これら三句から、一茶のふるさと観が伝わってきます。ふるさとはあこがれの地であり、面倒ないざこざだらけの地であり、そして終には骨を埋める終焉の地でもあるのです。

 私たちが抱く「ふるさと」観に含まれる基本的な三つの特徴を一茶は経年的に見事に表現しています。夢、現実、諦念とも呼べるようなふるさとへの思い入れが表現され、正に生活の中の「ふるさと」が巧みに切り取られているのです。

*一茶の句でも「故郷」、「古里」の表記のどちらも使われているようです。俳句では「ふるさと」、「古里」、「故郷」のどれもが使われています。
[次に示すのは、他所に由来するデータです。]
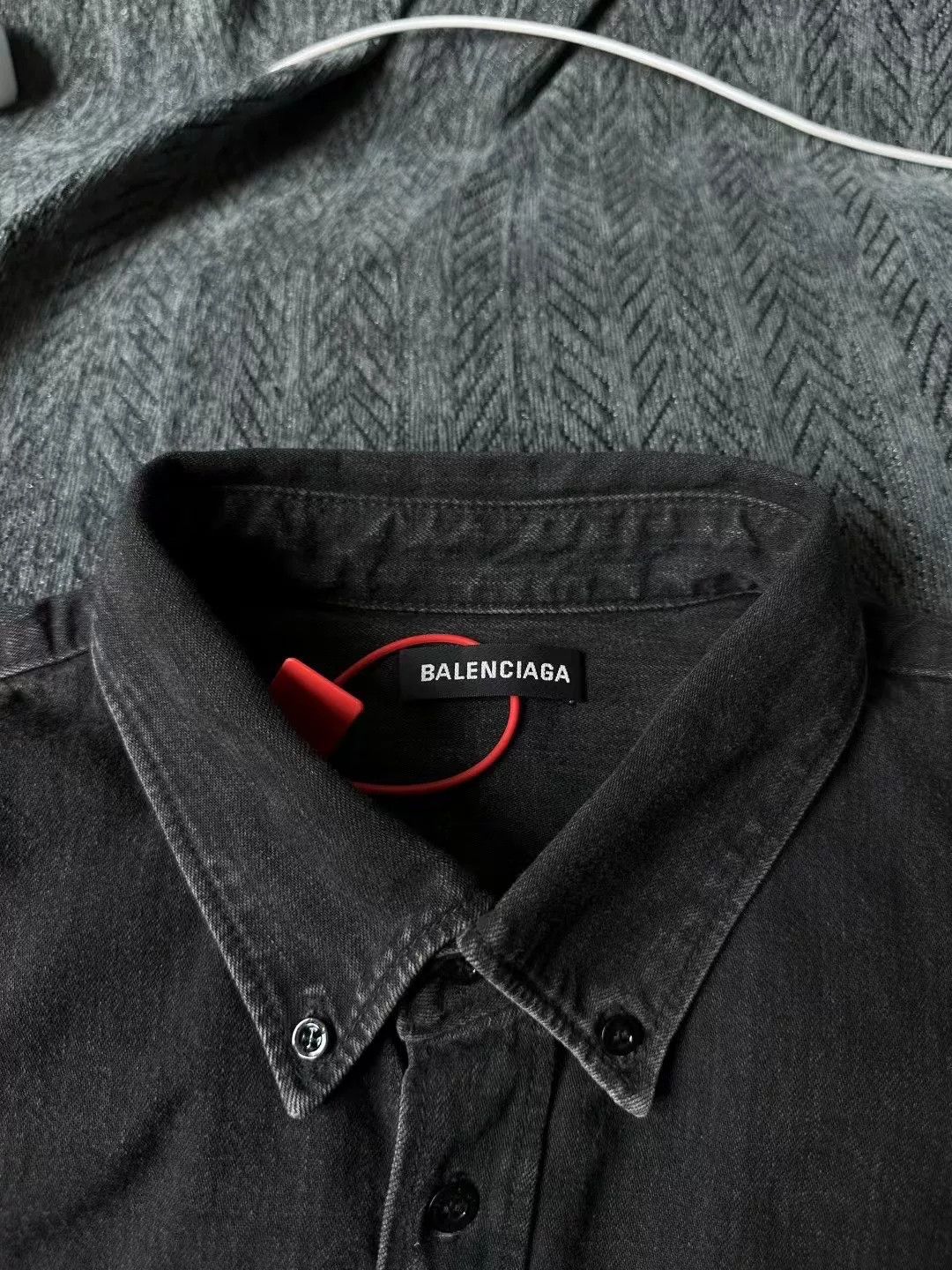 Balenciaga Balenciaga Back Logo Denim Short Sleeve Shirt Size US XS / EU 42 / 0 - 3 Thumbnail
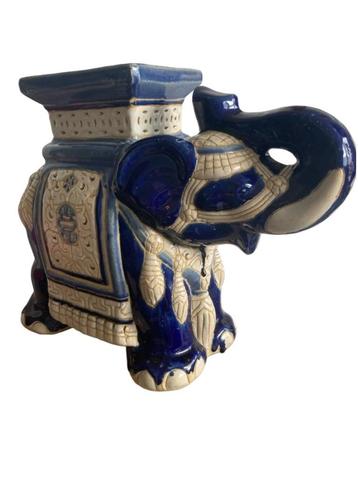 Vintage Keramiek Olifant Plantentafel Blauw Creme Groot beschikbaar voor biedingen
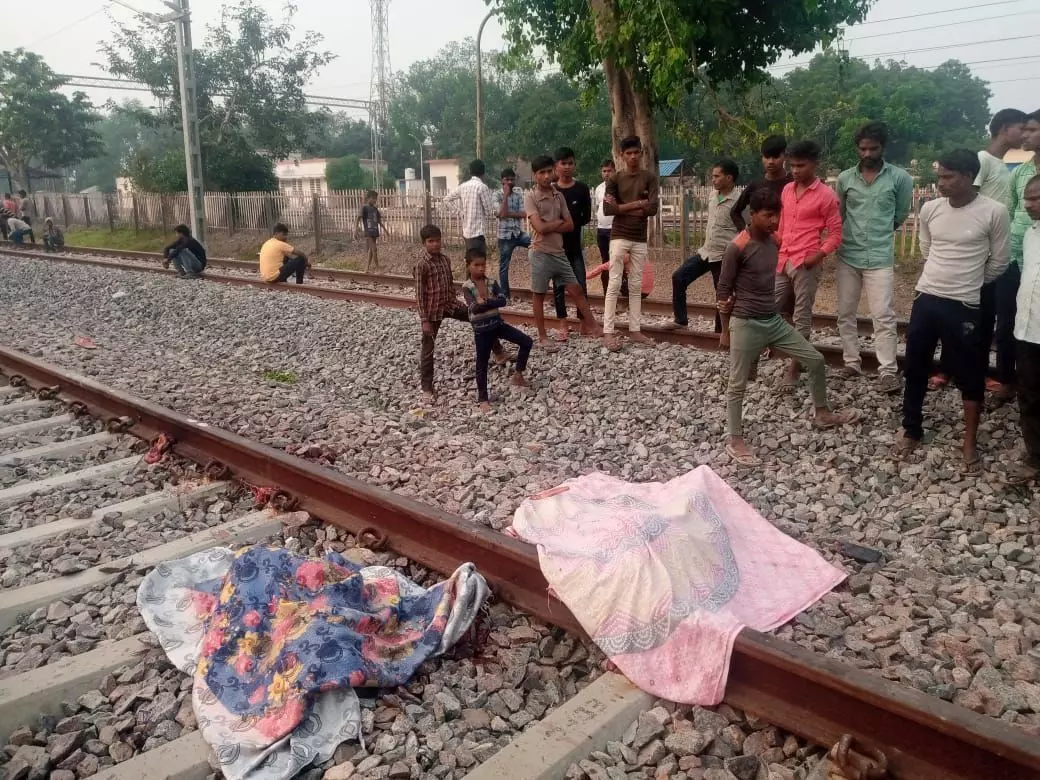 रेलवे ठेकेदारों की लापरवाही से दो टुकड़े में कटा युवक का शरीर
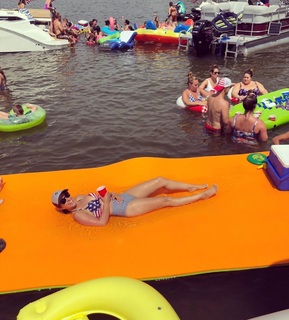 Victoria Arlen feet photo 6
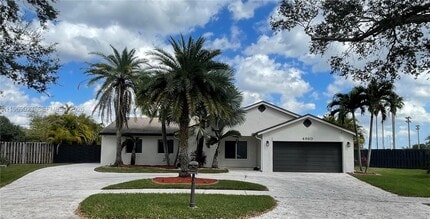 Building Photo - 4960 SW 119th Ave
  信濃国柏原は今の信濃町柏原ですが、そこに生まれた一茶はいつも孤独でした。3歳で実母を失い、代わりにやってきた継母とはうまくいかず、15歳で柏原の生家を追われ、江戸で奉公することになります。一茶は52歳になって、ようやく妻や子どもと一緒に暮らすことになりました。でも、その幸せも束の間、あいつぐ妻子との死別により、独りぼっちになります。ふるさとからも家からも閉め出された形の一茶の孤独は、現代人のもつ孤独とよく似ています。

 柏原は門徒の多い土地柄でした。一茶の家も代々真宗門徒で、両親も敬虔な門徒でした。親鸞が説く「自然法爾(じねんほうに)」は「あるがまま」を肯定することで、人為を超えた阿弥陀仏の力に一切の救済を任せ、他力本願で生きていくことです。門徒としての一茶の句には親鸞の他力本願の教えが色濃く滲み出ています。